Istirahat dirasa cukup, kedua balita itu akan melanjutkan perjalanannya. Sang adik berjalan duluan sedangkan sang kakak harus mengangkat barang bawaannya, terlihat sang adik berhenti dan menengok pada kakaknya yang sedang membungkukkan badan dan berusaha menaikkan kembali karung itu ke atas kepalanya. Mereka pun kembali menyusuri selokan itu, aku masih memperhatikan perjuangan mereka. Oh..... ternyata di depan sana ada kayu melintang di atas selokan yang biasa digunakan untuk menyeberang. Sampai di sana sang kakak kebingungan bagaimana cara melewati kayu itu yang ternyata lebih rendah daripada kepalanya. Akhirnya dia mendapat ide untuk naik dari selokan dengan lebih dahulu meletakkan bawaannya di bibir selokan. Kedua anak itu berhasil naik ke bibir selokan. Sang adik berjalan di depan, kakak dibelakangnya. Mereka berjalan belum begitu jauh, agak lucu juga sih kejadiannya, tapi kasian. entah ide sang kakak atau permintaan Sang adik, karung itu diletakkan di atas kepala Sang adik, adik langsung terduduk, dia masih terlalu kecil dan tidak kuat membawa karung berisi rumput yang tadinya dibawa Sang kakak. Mengerti bahwa adiknya tidak kuat,kakak pun mengambil kembali bawaan itu meski dia lelah dan sudak merasa keberatan.


Aku tak tega melihat mereka, kuhampiri mereka dan aku bawakan karung itu dengan satu tanganku saja sambil aku bertanya, “rumah kalian dimana?” kakak menunjuk mengikuti arah jalan di hadapan kami. “Mari ibu antar”, kataku. Mereka pun berjalan tanpa banyak bicara, aku tanya tapi mereka diam. Sebenernya banyak sekali yang ingin aku tanyakan pada mereka, “ orang tua kalian dimana? Kalian disuruh atau bagaimana? Atau orang tua kalian tidak ada?Dsb.” Ingin juga bertanya kepada orang tua mereka ketika sampai di rumah.

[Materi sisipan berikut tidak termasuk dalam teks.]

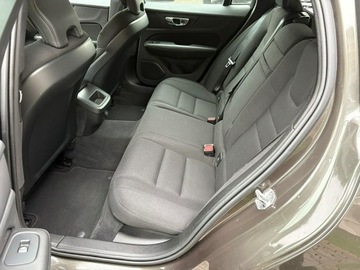 Volvo V60 II  2020 Volvo V60 2.0 benzyna Automat Kamera Hak FV23%, zdjęcie 8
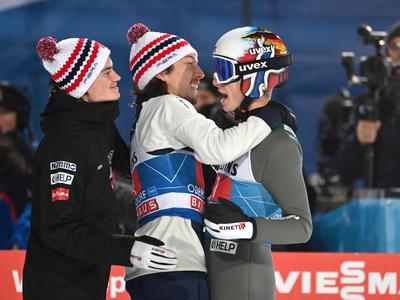 Norvežani v čudnih težavah, skakalca sredi noči v Planici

Jarak dari tempat kami bertemu k rumah mereka sekitar 200 meter. Orang tuanya keluar setelah ada panggilan dari luar, mereka tida terlihat seperti orang yang habis sibuk bekerja keras, entah apa yang mereka kerjakan di dalam rumah. Mereka terlihat binggung tidak mempersilakan duduk atau masuk ke dalam rumah, mungkin karena belum pernah melihatku sebelumnya. Suasana menjadi canggung, aku pun mengurungkan niatku untuk ngobrol dengan mereka. aku hanya mengatakan “mama saya bertemu mereka di jalan, kasian keberatan”. Yang aku dengar tidak jelas apa yang dikatakan orang tua anak-anak itu. Aku pun segera berpamitan dan kembali bergabung dengan rombongan pengambil air.
Mungkin itu cara mereka berlatih menghadapi kerasnya kehidupan di salah satu sudut pelosok negeri Indonesia ini. Semoga orang tua mereka penyayang dan mereka tumbuh menjadi tunas bangsa yang hebat. Kita yang tak pernah mengalami hal seperti itu sudah sepantasnya terus bersyukur atas kenikmatan yang telah Tuhan anugrahkan.

Terimaksih SM3T, telah membawaku melihat lebih luas kehidupan di negeri ini.